Now, the question is: how do we select the regularization parameter $\delta$? The answer is that we can use cross-validation techniques to tune the hyperparameter $\delta$ by evaluating the model's performance on held-out validation data.
___

## SVD solution for Regularized Least Squares
Let the singular value decomposition (SVD) of the $n\times{p}$ data matrix $\hat{\mathbf{X}}$ be given by:
$$
\begin{equation*}
\hat{\mathbf{X}} = \mathbf{U}\;\mathbf{\Sigma}\;\mathbf{V}^{\top}
\end{equation*}
$$
where $\mathbf{U} \in \mathbb{R}^{n \times n}$ is an orthogonal matrix, $\mathbf{\Sigma} \in \mathbb{R}^{n \times p}$ is a rectangular matrix with singular values on the diagonal,
and $\mathbf{V} \in \mathbb{R}^{p \times p}$ is an orthogonal matrix.

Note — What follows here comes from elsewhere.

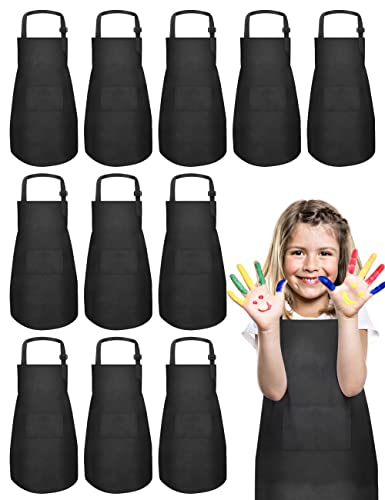 IAGBIBUI 12 Pack Kids Aprons Bulk with 2 Pockets Adjustable Chef Art Apron Kids Painting Aprons for Cooking Baking Crafting Grilling for Boys Girls Age 6-13 Years(Black)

The regularized least-squares estimate (Ridge regression) of the unknown parameter vector $\mathbf{\theta}$ is given by:
$$
\begin{equation*}
\hat{\mathbf{\theta}}_{\delta} = \mathbf{V}\left(\mathbf{\Sigma}^{\top}\mathbf{\Sigma}+\delta\mathbf{I}\right)^{-1}\mathbf{\Sigma}^{\top}\mathbf{U}^{\top}\mathbf{y}
\end{equation*}
$$
or equivalently, in the more computationally efficient index notation:
$$
\begin{equation*}
\hat{\mathbf{\theta}}_{\delta} = \sum_{i=1}^{r_{\hat{X}}}\left(\frac{\sigma_{i}}{\sigma_{i}^{2}+\delta}\right)\left(\mathbf{u}_{i}^{\top}\mathbf{y}\right)\mathbf{v}_{i}
\end{equation*}
$$
where $r_{\hat{X}} = \min(n,p)$ is the rank of the data matrix $\hat{\mathbf{X}}$, $\mathbf{u}_{i}$ and $\mathbf{v}_{i}$ are the $i$-th columns of $\mathbf{U}$ and $\mathbf{V}$, respectively,
$\sigma_{i}$ is the $i$-th singular value (with $\sigma_i > 0$), and $\delta \geq 0$ is the regularization parameter.

### Key Insights:

* **Shrinkage effect**: The regularization parameter $\delta$ shrinks the contribution of each singular value by the factor $\frac{\sigma_{i}}{\sigma_{i}^{2}+\delta}$, with smaller singular values being shrunk more aggressively.
* **Numerical stability**: This SVD formulation is more numerically stable than directly computing $(\hat{\mathbf{X}}^{\top}\hat{\mathbf{X}} + \delta\mathbf{I})^{-1}$, especially when $\hat{\mathbf{X}}$ is ill-conditioned.
* **Relationship to filtering**: When $\delta = 0$, we recover the unregularized solution, and as $\delta \to \infty$, all coefficients shrink to zero.

___